[Stored data]
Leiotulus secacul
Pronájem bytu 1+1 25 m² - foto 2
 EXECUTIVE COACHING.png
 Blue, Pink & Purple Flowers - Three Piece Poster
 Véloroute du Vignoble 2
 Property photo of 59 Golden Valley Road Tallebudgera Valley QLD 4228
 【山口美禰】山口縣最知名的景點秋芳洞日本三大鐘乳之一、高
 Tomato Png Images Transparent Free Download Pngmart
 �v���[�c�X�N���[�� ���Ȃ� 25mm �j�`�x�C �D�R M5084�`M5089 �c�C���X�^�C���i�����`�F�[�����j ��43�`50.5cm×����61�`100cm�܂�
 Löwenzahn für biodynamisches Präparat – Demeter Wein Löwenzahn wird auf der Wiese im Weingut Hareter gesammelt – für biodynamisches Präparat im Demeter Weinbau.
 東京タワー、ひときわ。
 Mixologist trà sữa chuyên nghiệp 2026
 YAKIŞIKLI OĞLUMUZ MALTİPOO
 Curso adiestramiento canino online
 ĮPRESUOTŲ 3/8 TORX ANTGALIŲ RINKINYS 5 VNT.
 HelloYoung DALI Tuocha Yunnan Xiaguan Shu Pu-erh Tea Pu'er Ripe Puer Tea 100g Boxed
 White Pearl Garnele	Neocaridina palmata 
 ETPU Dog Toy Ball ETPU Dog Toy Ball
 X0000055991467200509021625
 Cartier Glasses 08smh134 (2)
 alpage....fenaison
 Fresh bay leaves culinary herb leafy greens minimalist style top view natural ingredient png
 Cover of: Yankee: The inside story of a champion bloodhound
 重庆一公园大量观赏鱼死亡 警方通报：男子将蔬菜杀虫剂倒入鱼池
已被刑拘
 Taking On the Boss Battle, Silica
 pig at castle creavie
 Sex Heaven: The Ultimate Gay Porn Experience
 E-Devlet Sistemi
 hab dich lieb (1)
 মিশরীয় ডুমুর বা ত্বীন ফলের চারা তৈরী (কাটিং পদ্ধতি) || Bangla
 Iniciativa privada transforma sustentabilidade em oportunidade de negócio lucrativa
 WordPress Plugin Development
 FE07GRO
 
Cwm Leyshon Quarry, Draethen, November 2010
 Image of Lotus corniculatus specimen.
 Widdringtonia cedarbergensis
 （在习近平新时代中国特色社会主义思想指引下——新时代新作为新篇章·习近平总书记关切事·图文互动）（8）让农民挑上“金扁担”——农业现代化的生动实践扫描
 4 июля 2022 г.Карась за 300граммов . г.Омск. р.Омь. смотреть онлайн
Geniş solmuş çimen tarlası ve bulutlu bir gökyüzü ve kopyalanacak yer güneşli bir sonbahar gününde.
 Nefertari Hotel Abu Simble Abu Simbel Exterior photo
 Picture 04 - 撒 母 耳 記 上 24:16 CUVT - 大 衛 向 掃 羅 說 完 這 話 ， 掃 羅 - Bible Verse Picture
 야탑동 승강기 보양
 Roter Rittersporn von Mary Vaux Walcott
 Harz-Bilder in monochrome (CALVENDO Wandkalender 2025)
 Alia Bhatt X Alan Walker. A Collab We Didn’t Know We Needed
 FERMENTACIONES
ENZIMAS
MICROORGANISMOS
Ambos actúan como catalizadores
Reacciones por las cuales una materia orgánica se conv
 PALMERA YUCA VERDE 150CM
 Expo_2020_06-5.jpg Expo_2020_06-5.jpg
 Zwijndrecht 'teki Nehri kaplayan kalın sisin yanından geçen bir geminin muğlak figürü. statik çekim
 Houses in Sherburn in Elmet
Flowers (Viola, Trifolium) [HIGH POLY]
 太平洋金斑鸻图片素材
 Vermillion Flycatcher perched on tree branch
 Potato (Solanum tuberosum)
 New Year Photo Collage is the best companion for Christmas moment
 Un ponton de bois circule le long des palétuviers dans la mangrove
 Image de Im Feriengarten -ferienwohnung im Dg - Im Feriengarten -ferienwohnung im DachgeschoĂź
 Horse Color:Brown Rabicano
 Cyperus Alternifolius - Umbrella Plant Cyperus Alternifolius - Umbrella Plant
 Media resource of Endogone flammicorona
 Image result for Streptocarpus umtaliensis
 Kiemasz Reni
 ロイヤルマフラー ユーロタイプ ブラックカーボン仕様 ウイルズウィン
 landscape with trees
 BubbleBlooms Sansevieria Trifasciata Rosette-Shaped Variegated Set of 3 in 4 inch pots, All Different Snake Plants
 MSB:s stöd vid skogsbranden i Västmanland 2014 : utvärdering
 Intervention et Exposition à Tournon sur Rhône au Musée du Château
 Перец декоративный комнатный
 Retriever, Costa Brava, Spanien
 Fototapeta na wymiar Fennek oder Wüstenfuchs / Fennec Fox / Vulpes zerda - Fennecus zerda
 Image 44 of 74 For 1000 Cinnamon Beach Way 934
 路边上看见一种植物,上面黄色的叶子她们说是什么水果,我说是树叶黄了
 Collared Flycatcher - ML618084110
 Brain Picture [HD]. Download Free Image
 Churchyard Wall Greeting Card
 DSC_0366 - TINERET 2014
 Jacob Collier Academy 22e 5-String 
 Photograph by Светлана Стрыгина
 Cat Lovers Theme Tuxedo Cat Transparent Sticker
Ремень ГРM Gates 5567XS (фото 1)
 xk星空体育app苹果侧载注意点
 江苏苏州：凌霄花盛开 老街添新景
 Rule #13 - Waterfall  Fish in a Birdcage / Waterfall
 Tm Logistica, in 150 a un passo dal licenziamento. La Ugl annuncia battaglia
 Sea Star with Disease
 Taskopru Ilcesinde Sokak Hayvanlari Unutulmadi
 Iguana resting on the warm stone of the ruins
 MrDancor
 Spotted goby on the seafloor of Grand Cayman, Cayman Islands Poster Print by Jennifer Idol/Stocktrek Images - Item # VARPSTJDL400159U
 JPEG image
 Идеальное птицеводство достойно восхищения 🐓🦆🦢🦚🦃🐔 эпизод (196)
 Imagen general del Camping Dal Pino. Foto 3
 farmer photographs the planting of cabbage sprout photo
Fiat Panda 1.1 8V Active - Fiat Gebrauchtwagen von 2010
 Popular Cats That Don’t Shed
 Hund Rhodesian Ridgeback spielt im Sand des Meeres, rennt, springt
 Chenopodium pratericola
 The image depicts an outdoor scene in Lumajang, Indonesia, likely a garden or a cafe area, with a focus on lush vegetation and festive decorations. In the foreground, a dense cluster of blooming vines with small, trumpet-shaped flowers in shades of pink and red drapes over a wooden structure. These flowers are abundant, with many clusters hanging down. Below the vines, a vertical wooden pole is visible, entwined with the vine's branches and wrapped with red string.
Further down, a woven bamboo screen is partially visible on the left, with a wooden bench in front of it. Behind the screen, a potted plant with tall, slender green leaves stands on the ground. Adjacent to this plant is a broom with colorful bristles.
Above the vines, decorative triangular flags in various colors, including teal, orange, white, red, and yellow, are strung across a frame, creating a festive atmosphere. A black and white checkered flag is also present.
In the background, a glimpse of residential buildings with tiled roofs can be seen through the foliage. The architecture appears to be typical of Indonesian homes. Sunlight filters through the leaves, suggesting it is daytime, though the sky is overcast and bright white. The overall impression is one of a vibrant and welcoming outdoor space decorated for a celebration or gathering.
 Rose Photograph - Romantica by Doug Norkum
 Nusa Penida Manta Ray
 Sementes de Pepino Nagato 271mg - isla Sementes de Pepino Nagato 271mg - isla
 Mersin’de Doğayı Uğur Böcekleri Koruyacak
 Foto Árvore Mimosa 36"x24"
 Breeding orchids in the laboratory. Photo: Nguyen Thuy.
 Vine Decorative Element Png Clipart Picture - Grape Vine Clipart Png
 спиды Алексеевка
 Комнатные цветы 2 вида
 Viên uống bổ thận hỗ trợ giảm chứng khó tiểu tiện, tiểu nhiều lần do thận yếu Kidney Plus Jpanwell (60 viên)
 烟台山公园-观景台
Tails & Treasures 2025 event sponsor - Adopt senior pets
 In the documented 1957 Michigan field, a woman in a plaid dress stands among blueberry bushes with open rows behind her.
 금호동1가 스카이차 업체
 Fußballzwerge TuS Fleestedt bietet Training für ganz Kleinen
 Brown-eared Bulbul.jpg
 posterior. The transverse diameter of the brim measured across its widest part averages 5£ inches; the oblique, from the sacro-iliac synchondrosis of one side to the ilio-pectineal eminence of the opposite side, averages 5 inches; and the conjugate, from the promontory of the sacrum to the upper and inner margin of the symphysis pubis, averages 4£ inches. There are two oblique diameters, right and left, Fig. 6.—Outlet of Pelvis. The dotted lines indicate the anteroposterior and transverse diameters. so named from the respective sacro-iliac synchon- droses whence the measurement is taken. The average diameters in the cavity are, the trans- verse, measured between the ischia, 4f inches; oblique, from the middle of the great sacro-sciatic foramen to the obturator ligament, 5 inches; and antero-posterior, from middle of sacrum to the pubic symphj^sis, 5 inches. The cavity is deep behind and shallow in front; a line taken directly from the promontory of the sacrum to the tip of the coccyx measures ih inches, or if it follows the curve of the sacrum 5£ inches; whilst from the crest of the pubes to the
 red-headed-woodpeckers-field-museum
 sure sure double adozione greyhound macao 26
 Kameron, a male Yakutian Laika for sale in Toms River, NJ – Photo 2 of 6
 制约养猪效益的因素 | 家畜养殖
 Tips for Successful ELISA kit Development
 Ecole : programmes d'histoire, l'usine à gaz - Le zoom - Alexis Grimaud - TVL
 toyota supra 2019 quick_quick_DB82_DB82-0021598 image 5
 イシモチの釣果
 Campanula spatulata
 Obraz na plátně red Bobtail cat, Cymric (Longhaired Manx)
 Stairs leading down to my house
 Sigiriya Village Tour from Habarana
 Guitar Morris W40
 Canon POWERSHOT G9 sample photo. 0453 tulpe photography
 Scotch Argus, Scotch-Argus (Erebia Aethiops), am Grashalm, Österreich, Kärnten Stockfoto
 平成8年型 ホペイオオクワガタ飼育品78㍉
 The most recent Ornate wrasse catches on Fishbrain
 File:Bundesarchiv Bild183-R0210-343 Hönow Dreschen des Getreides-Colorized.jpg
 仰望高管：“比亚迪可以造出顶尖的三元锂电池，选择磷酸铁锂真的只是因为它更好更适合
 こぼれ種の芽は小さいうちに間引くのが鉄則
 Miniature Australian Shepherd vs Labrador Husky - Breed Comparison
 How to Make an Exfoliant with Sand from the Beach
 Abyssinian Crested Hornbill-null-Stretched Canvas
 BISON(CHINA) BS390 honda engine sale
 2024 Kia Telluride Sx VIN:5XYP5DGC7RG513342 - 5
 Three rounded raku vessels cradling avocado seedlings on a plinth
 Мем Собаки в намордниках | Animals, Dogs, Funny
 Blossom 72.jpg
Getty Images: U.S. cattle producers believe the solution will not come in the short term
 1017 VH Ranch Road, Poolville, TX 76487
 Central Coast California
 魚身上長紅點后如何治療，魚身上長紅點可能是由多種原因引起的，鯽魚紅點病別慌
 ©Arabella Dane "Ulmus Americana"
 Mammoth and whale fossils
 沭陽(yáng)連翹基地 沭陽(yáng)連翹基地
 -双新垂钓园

## Problem statement:
Of the entries listed above, reproduce only the lines starting at the line containing "posterior. The transverse" and ending at the line containing "Ecole : programmes". Include both, exactly as they stand.

## Solution to this problem:
 posterior. The transverse diameter of the brim measured across its widest part averages 5£ inches; the oblique, from the sacro-iliac synchondrosis of one side to the ilio-pectineal eminence of the opposite side, averages 5 inches; and the conjugate, from the promontory of the sacrum to the upper and inner margin of the symphysis pubis, averages 4£ inches. There are two oblique diameters, right and left, Fig. 6.—Outlet of Pelvis. The dotted lines indicate the anteroposterior and transverse diameters. so named from the respective sacro-iliac synchon- droses whence the measurement is taken. The average diameters in the cavity are, the trans- verse, measured between the ischia, 4f inches; oblique, from the middle of the great sacro-sciatic foramen to the obturator ligament, 5 inches; and antero-posterior, from middle of sacrum to the pubic symphj^sis, 5 inches. The cavity is deep behind and shallow in front; a line taken directly from the promontory of the sacrum to the tip of the coccyx measures ih inches, or if it follows the curve of the sacrum 5£ inches; whilst from the crest of the pubes to the
 red-headed-woodpeckers-field-museum
 sure sure double adozione greyhound macao 26
 Kameron, a male Yakutian Laika for sale in Toms River, NJ – Photo 2 of 6
 制约养猪效益的因素 | 家畜养殖
 Tips for Successful ELISA kit Development
 Ecole : programmes d'histoire, l'usine à gaz - Le zoom - Alexis Grimaud - TVL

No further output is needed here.